Pour apprécier l’importance du soutien du journal à la cause palestinienne, il faut noter que, comme dans la plupart des journaux, le comité de rédaction du Harvard Crimson est distinct de la division des informations. Ses quelque 90 membres se réunissent trois fois par semaine pour débattre et décider des positions à prendre, et les éditoriaux reflètent une opinion majoritaire.  Parmi les anciens membres de la rédaction du journal, on compte l’actuel Secrétaire d’Etat Antony Blinken et le président de CNN, Jeff Zucker.

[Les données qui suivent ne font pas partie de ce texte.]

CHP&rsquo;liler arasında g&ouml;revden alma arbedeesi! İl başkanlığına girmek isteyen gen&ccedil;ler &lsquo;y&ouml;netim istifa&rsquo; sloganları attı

Ce qui se passe à Harvard est l’expression particulièrement symbolique des sentiments de rejet qui prévalent sur les campus américains au sujet de l’occupation, d’Israël et de sa politique d’apartheid en dépit des experts en com’ d’Israël**.

Mohamed Larbi Bouguerra

**Lire «La propagande d’Israël» d’Ilan Pappé (Investig’Action, 2016). L’historien israélien expose dans ce livre «la manipulation orchestrée de l’Histoire, mais aussi la propagande au quotidien: cinéma, théâtre, médias, l’instrumentalisation de l’Holocauste… Comment se fabriquent les arguments. Comment fonctionnent les réseaux internationaux de lobbying et les moyens financiers énormes investis pour «redorer» l’image d’Israël à l’étranger.»